Enbridge Inc removed to U.S. federal court a lawsuit filed by Michigan’s attorney general against its Line 5 oil pipeline, the latest in a long-running dispute between the Canadian company and the Midwestern state.
The lawsuit had originally been filed in state court in June 2019 by Michigan Attorney General Dana Nessel.
Nessel’s office said Enbridge’s move was an “outrageous maneuver” and questioned its validity, saying that federal law states the process to remove a lawsuit must be initiated within 30 days of its being served.
“We will address this flagrant attempt to undermine that process in court and remain fervently committed to our belief that the fate of Michigan’s greatest natural resources should be determined in a Michigan court,” spokesperson Lynsey Mukomel said in an email.
Line 5 ships 540,000 barrel per day of crude and refined products from Superior, Wisconsin, to Sarnia, Ontario, via Michigan. A 4-mile (6.4-km) section of the aging pipeline runs underwater through the Straits of Mackinac in the Great Lakes and environmentalists are concerned about the risk of an oil leak.
The state ordered the pipeline to shut down by May this year, which Enbridge ignored, and the two sides are embroiled in a legal battle over Line 5’s fate. Michigan has been trying to get the lawsuits heard under state law, while Enbridge has been pushing for federal judges to decide the matter.
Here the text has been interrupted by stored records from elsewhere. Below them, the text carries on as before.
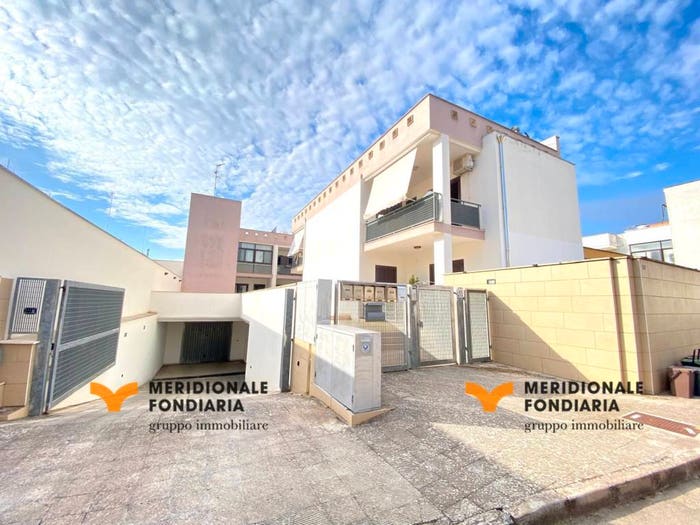Appartamento quadrilocale in vendita in Via Principe di Savoia, Centro, Carmiano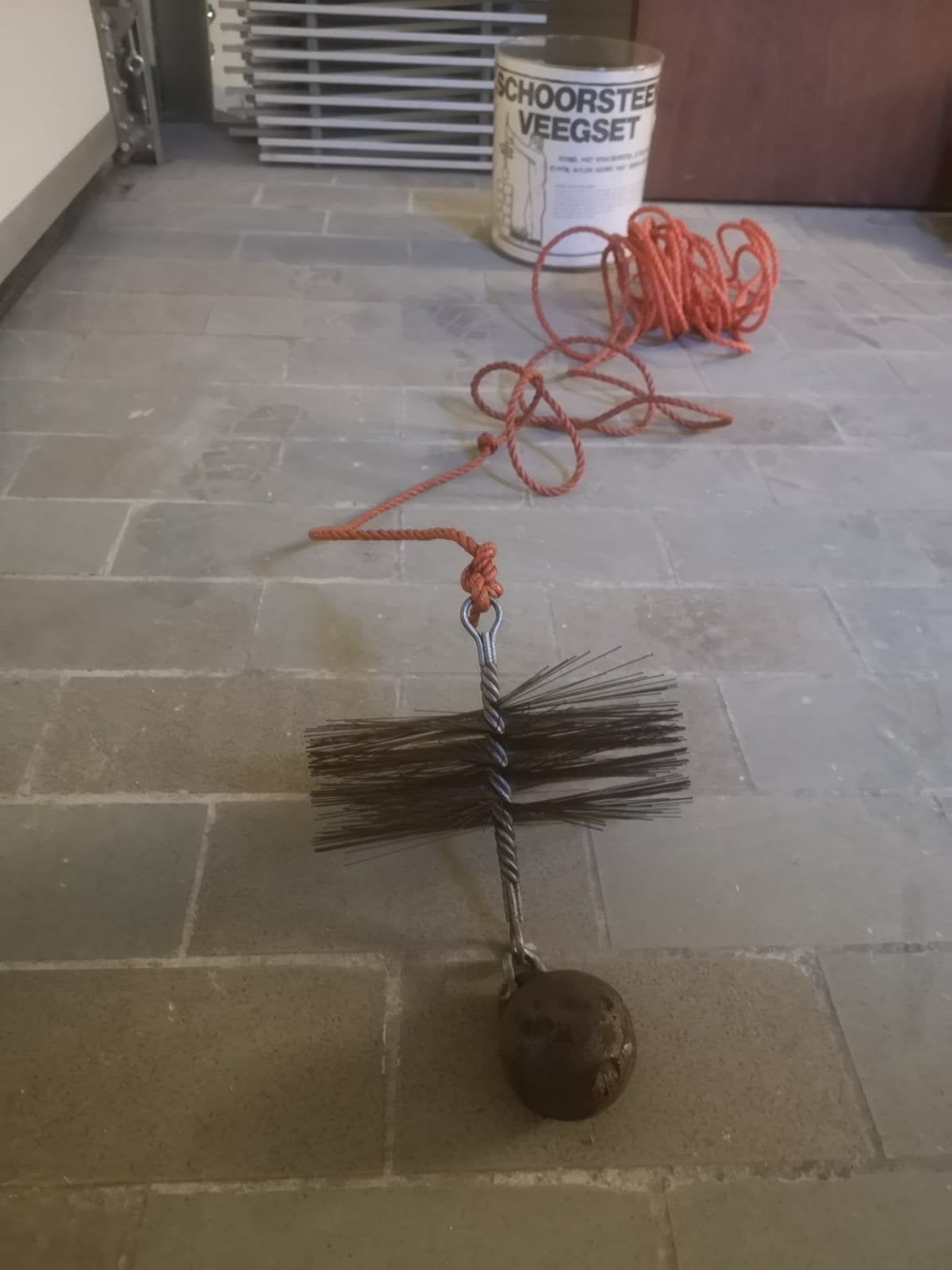 Schoorsteen veegset - met kogel, borstel (Ø200mm) en koord, Ophalen, Gebruikt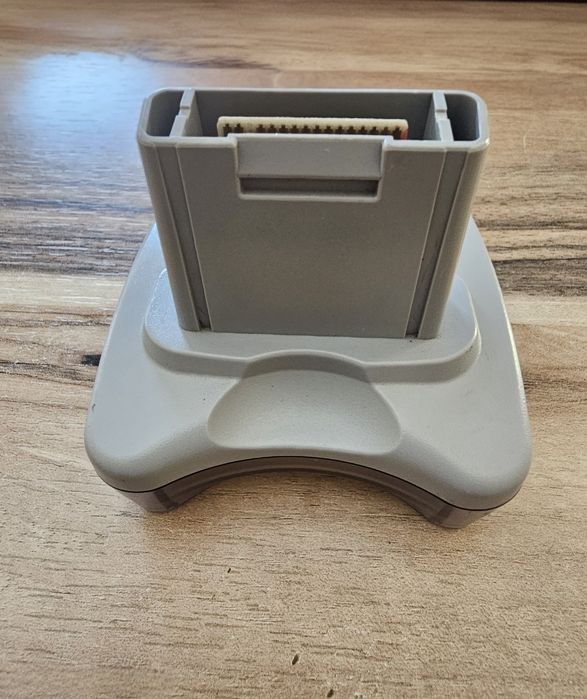 Продавам Transfer Pak за GBA към N64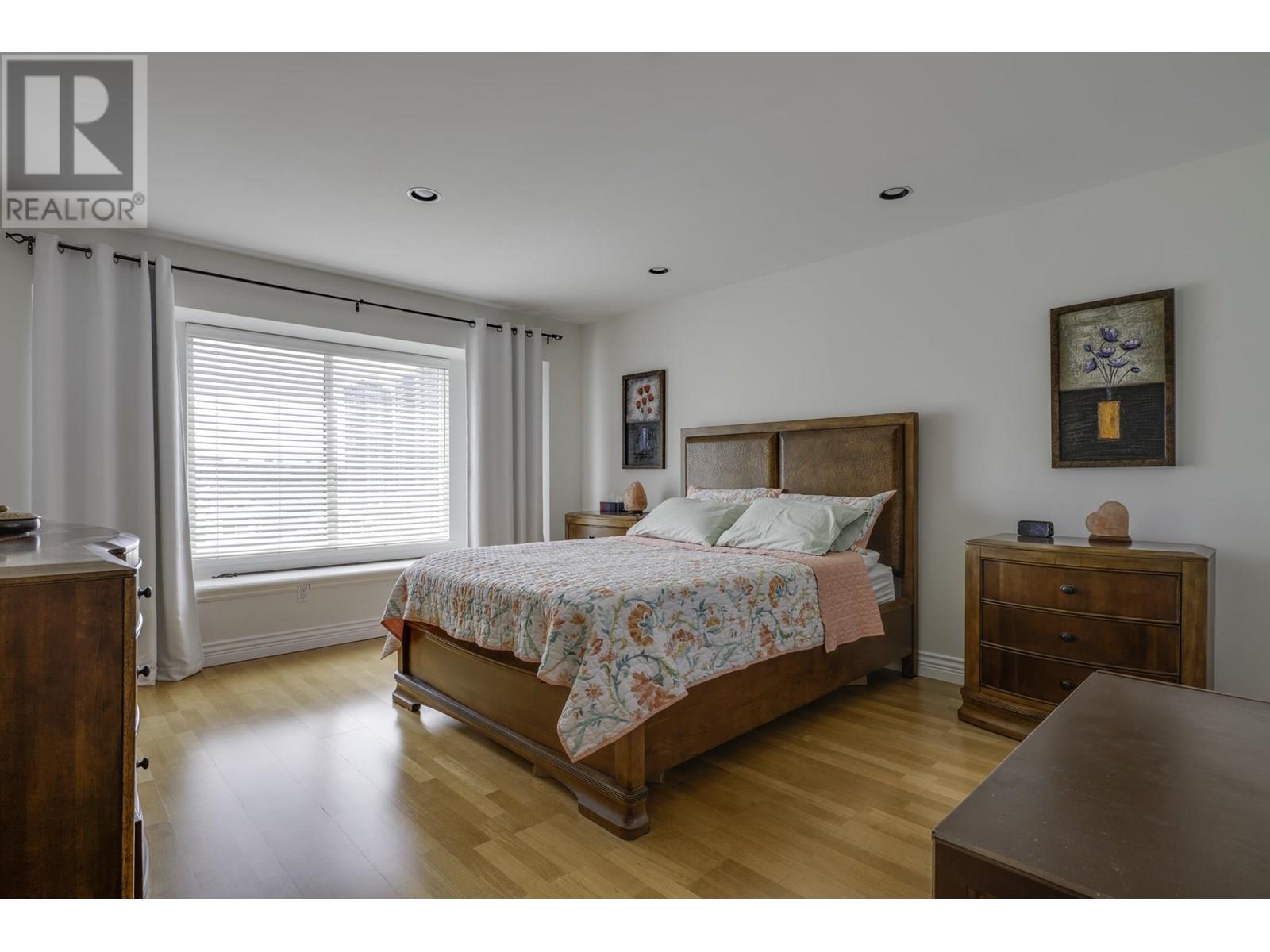 Photo 18 of 4265 Grant Street, Burnaby BC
Enbridge scored a win last month when a federal judge said a lawsuit brought against the pipeline by Michigan Governor Gretchen Whitmer would be heard in federal court, prompting Whitmer to drop it in favor of the separate case filed by Nessel in 2019. Nessel’s case had been put on hold while the governor’s lawsuit proceeded.
“The removal of the Attorney General’s case to federal court follows a November 16, 2021 ruling which held that the similar (and now dismissed) lawsuit brought by the Governor to force Line 5’s shutdown raised important federal issues and should be heard in federal court,” Enbridge said in a statement.